British-Canadian ethnologist and folklorist

Charles Hill-Tout (1858–1944) was an ethnologist and folklorist, active in British Columbia, born in Buckland, Devon, England, on 28 September 1858.

In his early years, Hill-Tout studied divinity at a seminary in Lincoln and preached in Cardiff. He married Edith Mary Stothert and soon became fascinated with Darwinism. He participated in the Oxford Movement before his departure from England and landed in Toronto, Ontario, where he purchased a 100-acre farm near Port Credit on Lake Ontario. He was eventually offered a teaching position by his mentor, Daniel Wilson of Toronto University. Wilson told Hill-Tout about the indigenous Haida people and their totems, which aroused in him an insatiable curiosity. He set out for Vancouver, British Columbia, where he hoped to conduct ethnographic research on this people.

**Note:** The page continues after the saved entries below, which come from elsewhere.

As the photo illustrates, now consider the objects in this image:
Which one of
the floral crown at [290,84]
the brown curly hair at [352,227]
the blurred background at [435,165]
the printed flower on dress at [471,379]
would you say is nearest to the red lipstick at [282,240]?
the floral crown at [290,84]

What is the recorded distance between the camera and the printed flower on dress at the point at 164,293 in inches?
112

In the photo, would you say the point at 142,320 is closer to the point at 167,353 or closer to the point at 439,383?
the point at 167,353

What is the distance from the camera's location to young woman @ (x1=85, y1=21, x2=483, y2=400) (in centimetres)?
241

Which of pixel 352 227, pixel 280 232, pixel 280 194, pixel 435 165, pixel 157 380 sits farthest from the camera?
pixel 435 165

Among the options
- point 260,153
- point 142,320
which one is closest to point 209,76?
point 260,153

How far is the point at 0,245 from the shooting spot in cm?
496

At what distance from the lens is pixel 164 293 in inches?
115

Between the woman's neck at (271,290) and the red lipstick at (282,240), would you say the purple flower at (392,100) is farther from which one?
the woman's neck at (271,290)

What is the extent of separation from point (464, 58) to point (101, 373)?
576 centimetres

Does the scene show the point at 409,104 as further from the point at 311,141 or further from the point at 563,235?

While there, he was offered another teaching position, but was soon informed about the death of one of his children in England, which prompted him to leave the country to be with his family.

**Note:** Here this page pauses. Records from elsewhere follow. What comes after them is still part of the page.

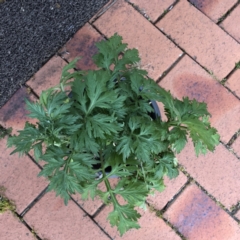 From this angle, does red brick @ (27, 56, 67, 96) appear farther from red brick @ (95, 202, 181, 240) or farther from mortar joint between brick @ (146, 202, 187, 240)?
mortar joint between brick @ (146, 202, 187, 240)

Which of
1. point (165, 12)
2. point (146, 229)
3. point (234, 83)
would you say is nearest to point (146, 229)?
point (146, 229)

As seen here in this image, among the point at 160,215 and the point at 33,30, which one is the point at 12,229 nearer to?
the point at 160,215

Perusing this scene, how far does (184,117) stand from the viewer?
4.37 ft

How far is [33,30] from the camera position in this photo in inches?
81.0

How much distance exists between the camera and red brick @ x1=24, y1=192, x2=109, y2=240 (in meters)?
1.95

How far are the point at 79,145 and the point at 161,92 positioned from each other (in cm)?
36

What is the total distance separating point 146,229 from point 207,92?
0.86 meters

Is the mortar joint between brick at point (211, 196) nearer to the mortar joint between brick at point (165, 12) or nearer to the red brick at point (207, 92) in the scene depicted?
the red brick at point (207, 92)

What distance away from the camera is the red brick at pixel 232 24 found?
210 cm

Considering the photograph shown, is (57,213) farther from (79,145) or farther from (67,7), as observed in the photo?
(67,7)

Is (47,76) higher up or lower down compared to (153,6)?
lower down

In 1891, Charles returned with his family to Vancouver and there became housemaster at Whetham College. For two years he was principal of Trinity College, and then opened Buckland College at Burrard and Robson street. He bought a quarter section of wooded land near Abbotsford and built a log cabin for a summer residence. In 1899 he bought a neighbour's farm and house and made it the family home.

In 1892, he commenced extensive excavations of the Great Marpole Midden in Vancouver for the Art, Historical, and Scientific Association of Vancouver, stimulating study of other middens in the region. The Great Midden, which dates from 2400 to 1600 years BP and was a living village until the first of the great smallpox epidemics in the late 17th century, is today a National Heritage Site of Canada.

In 1896 Hill-Tout interviewed Chief Mischelle of the Nlaka'pamux tribe. In 1899 the Folklore Society published his article "Sqaktktquaclt, or the Benign-Faced, the Oannes of the Ntlaka-pamuq", where he made reference to the myth of Oannes in the Persian Gulf. When the Jesup North Pacific Expedition stopped in Vancouver in 1897, Hill-Tout met Franz Boas, leader of the expedition. Hill-Tout escorted Harlan Smith of the expedition to Lytton for field study. By 1898, Hill-Tout had written his first book on the ethnology of the Haida people.

In 1903 the Royal Society of Canada published his study of totemism. In 1907 he published British North America: I. The far West, home of the Salish and Déné.

Hill-Tout was president of the British Columbia Academy of Science in 1914, and vice president the year before. During the First World War he enlisted in the Canadian Expeditionary Force with the 242nd Battalion, CEF. He died 30 June 1944, in Vancouver.

In 1978 Ralph Maud assembled four volumes of ethnographic writing by Hill-Tout: Thomson and the Okanagan, the Squamish and the Lillooet, the Mainland Halkomelem, the Sechelt and the South-Eastern Tribes of Vancouver Island.